Challenge 7

challenge_7

hotel_bookings

Visualizing Multiple Dimensions

Author

Danny Holt

Published

June 21, 2023

Code

library(tidyverse)
library(ggplot2)

knitr::opts_chunk$set(echo = TRUE, warning=FALSE, message=FALSE)

Read in data

For this challenge, I will be using the hotel_bookings data set.

Code

hotel_book <- readr::read_csv("_data/hotel_bookings.csv")
hotel_book

Briefly describe the data

Number of rows:

Code

nrow(hotel_book)

[1] 119390

Number of columns:

Code

ncol(hotel_book)

[1] 32

The data set encompasses various details about customers (such as the number of adults and children staying, customer type, previous bookings), reservation specifics (arrival date, duration of stay, room type), and hotel attributes (country location, distribution channel, hotel type). Each row in the dataset corresponds to a specific booking made at a specific hotel.

Tidy Data (as needed)

We’ll need to convert the existing arrival date columns in the data set into one arrival date column to tidy things up.

Code

# convert arrival date columns into one arrival date column
hotel_book<-hotel_book %>%
  mutate(date_arrive = str_c(arrival_date_day_of_month,
                              arrival_date_month,
                              arrival_date_year, sep="/"),
         date_arrive = dmy(date_arrive))%>%
  # remove old arrival date columns
  select(-starts_with("arrival"))
hotel_book

Next, we’ll convert categorical variables from their current formats to factors.

Code

# convert categorical variables to factors
categorical <- c('hotel', 'meal', 'country', 'market_segment', 'distribution_channel', 'reserved_room_type', 
              'assigned_room_type', 'deposit_type', 'customer_type', 'reservation_status')
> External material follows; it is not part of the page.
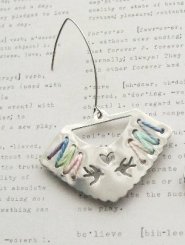 Silver Handcut Cross Stitch Earrings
hotel_book[categorical] <- lapply(hotel_book[categorical], factor)
# view sample of data to confirm factor status
head(hotel_book)

We should also convert the variables is_canceled and is_repeated_guest to boolean from integers.

Code

# convert 'is_canceled' and 'is_repeated_guest' to boolean from integers
hotel_book<-hotel_book %>%
  mutate(is_canceled = as.logical(is_canceled), is_repeated_guest = as.logical(is_repeated_guest))
# view sample of data to confirm boolean status
head(hotel_book)

Otherwise, the data is sufficiently tidy. However, let’s create an alternative version of the data set with booking grouped by month for easier analysis and visualization. We’ll separate out the month groupings by hotel type.

Code

# group by month for resort hotels
month_resort <- hotel_book %>%
  filter(hotel=="Resort Hotel") %>%
  mutate(month=floor_date(date_arrive,unit="month")) %>%
  group_by(month) %>%
  summarise(amount=n(),type=hotel) %>%
  ungroup()

# group by month for city hotels
month_city <- hotel_book %>%
  filter(hotel=="City Hotel") %>%
  mutate(month=floor_date(date_arrive,unit="month")) %>%
  group_by(month) %>%
  summarise(amount=n(),type=hotel) %>%
  ungroup()

# combine resort and city hotels by month
month_hotel <- full_join(month_resort,month_city)
month_hotel

Visualization with Multiple Dimensions

First, let’s create a visualization of total bookings by month, broken out by hotel type. We’ll use a stacked area chart, which is good for viewing changes in a set of things (in this case types of hotel) where the cumulative value of all parts of the set is significant for analysis.

Code

month_hotel %>%
  ggplot(aes(x=month,y=amount,fill=type)) +
  geom_area() +
  scale_x_date(NULL, date_labels = "%b %y",breaks="2 months") +
  scale_y_continuous(limits=c(0,7000)) +
  labs(title="Bookings in Resort and City Hotels by Month",x="Month",y="Amount of bookings") +
  theme(axis.text.x=element_text(angle=90))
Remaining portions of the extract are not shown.